Capitol Records, LLC v. ReDigi Inc., 934 F. Supp. 2d 640 (S.D.N.Y. 2013)
- A New Kind of Used Record Store
Music is now bought and sold digitally. ReDigi set up a marketplace for selling “used” digital songs. It removes the song from the seller’s iTunes account, “migrates” it to the ReDigi Cloud Locker, where it can be sold on the ReDigi marketplace.
- Digital First Sale Theory
The “first sale” doctrine (17 U.S.C. § 109) grants the right to resell copies of copyrighted works, like old books or records, without the authorization of the copyright owner. ReDigi tested that the first sale doctrine protected the resale of digital songs.
- No Taste for the Record Label
The proceeds from ReDigi music sales are split 20% to the seller, 20% to an escrow fund for the artist, and 60% to ReDigi. None of the proceeds went to the record company.
- The Record Label Doesn’t Like That
The record label brings a lawsuit, claiming that the first sale doctrine doesn’t apply to ReDigi’s resale of digital songs.
Digital songs have physical manifestations, which exist on the servers where they are stored. The “migration” required as part of the ReDigi service necessarily makes new copies of the song, as material objects cannot be transferred over the Internet. The first sale doctrine is a distribution right, not a copying right, and does not protect ReDigi’s resale of songs.

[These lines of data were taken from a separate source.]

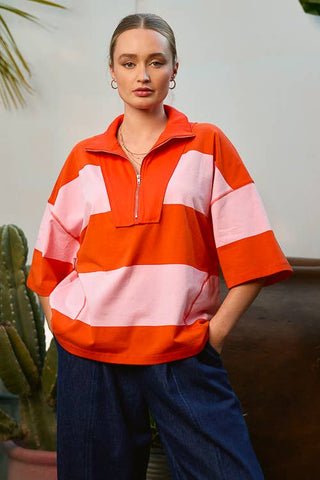 Colour Block Half-Zip Short Sleeve Top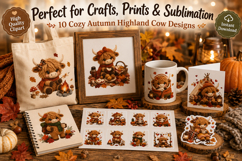 Autumn Camping Highland Cow Clipart Bundle, Cozy Fall Cow Product Image 3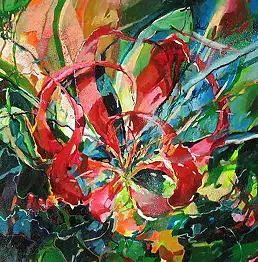 Katarzyna Korytkowska, цветок, Масляная картина - холст, 90 x 70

The first sale doctrine can apply to digital works, but only to their physical transfer. This decision gives companies like ReDigi a roadmap for digital redistribution business models under the first sale doctrine. ReDigi has changed its service so that users purchase songs through iTunes directly to the Cloud Locker. When the buyer wants to sell, access to the Cloud Locker copy is transferred to the new owner, but no copy is made – only access to the copy. The decision forecloses one method of digital first sale, but sanctions another.